Robert Scott, 76, President of Philadelphia Museum, Dies

By MARGALIT FOX

Robert Montgomery Scott, a longtime president of the Philadelphia Museum of Art who was for decades a prominent figure in the city's civic and cultural landscape, died on Thursday [Oct. 13, 2005] in Bryn Mawr, Pa. He was 76 and lived in Villanova, Pa.

The cause was liver failure, his daughter Janny said.

The son of an established Main Line family, Mr. Scott was the museum's president and chief executive from 1982 until his retirement in 1996. Under his stewardship, the museum's endowment increased from $19.3 million to more than $100 million, the museum said yesterday.

Mr. Scott had previously been president of the Academy of Music in Philadelphia.

Robert Montgomery Scott was born on May 22, 1929, in Bryn Mawr. His father, Edgar, was an investment banker and heir to a railroad fortune. His mother, the former Helen Hope Montgomery, was said to be the model for Tracy Lord, Katharine Hepburn's character in "The Philadelphia Story," which opened on Broadway in 1939 and was made into a film the next year.

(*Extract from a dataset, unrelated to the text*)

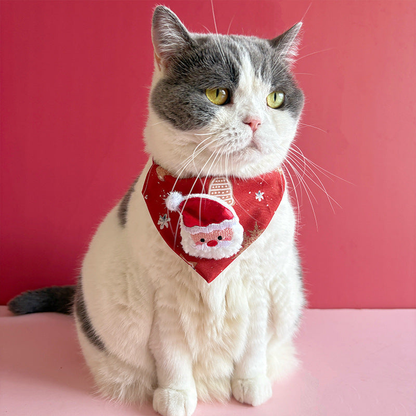 Cat wearing red Santa pet neckwear with a triangular front panel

Robert Scott earned a bachelor's degree from Harvard in 1951 and a law degree from the University of Pennsylvania in 1954. In 1955, he joined the Philadelphia law firm of Montgomery McCracken Walker & Rhoads, later becoming a partner there.

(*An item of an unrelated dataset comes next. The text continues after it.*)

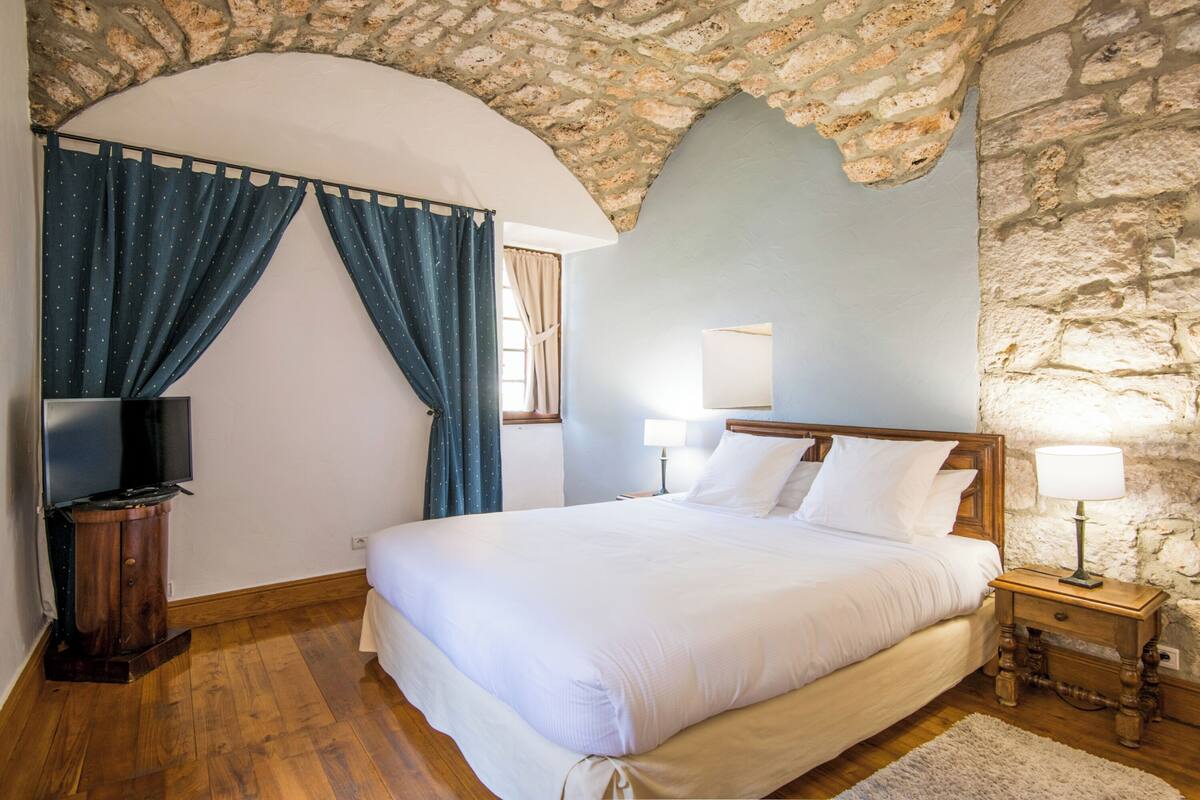 A bedroom with a stone wall, a wooden bed, a nightstand with a lamp, and a TV on a stand.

From 1969 to 1973, Mr. Scott was the special assistant to Walter H. Annenberg, the United States ambassador to Britain. Returning to Philadelphia, he became president of the Academy of Music, a post he held until 1980. That year, Mr. Scott became the art museum's president, a nonsalaried position responsible for overseeing the board of directors. In 1982, the board elected him the museum's first full-time president and chief executive.

During Mr. Scott's tenure, annual attendance increased from 400,000 to 950,000. Hours were extended from five days a week to six, as well as one evening. Notable exhibitions included a major show of French paintings from the Barnes Foundation in 1995, and a Cézanne exhibition the next year. The museum's European and medieval galleries were also completely renovated.

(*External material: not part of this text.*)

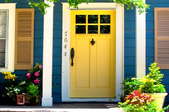 A yellow painted front door with windows.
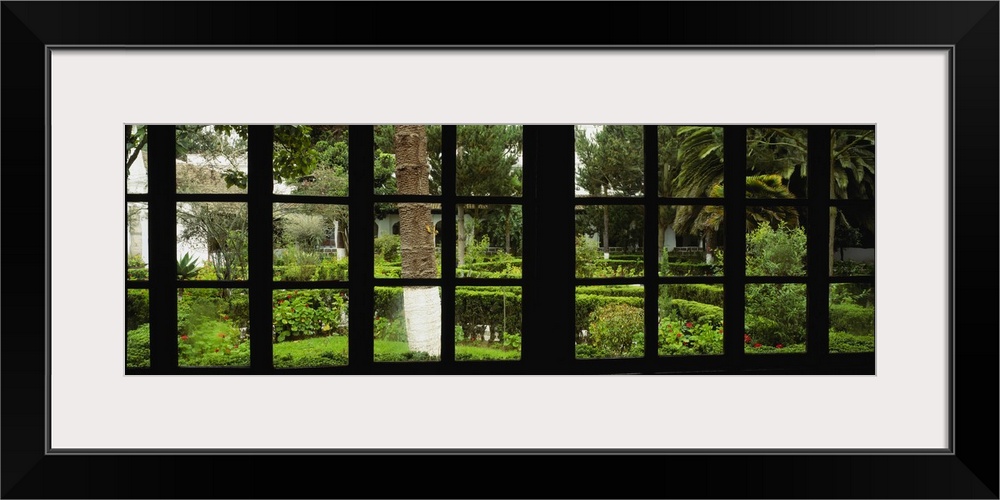 Panoramic image looking out of a silhouetted window into a garden.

Mr. Scott's marriage to the former Gay Elliot ended in divorce. Besides his daughter, a reporter for The New York Times, he is survived by his companion, Margaret Anne Everitt; a brother, Edgar Jr., of Unionville, Pa.; another daughter, Hope Rogers of Manhattan; a son, Elliot, of Yonkers; and seven grandchildren.

Though part of Mr. Scott's mandate at the Philadelphia Museum was to help its collections grow, one of his signal contributions to the city's cultural life was to take something away. In 1982, the museum had paid $12,000 to remove an 800-pound statue of Sylvester Stallone, left on its steps after "Rocky III" was shot there.

Like a great bronze albatross, the statue returned in 1990 for "Rocky V." Mr. Scott, who publicly if diplomatically deplored the sculpture, helped make sure the producers came to collect it immediately after the filming.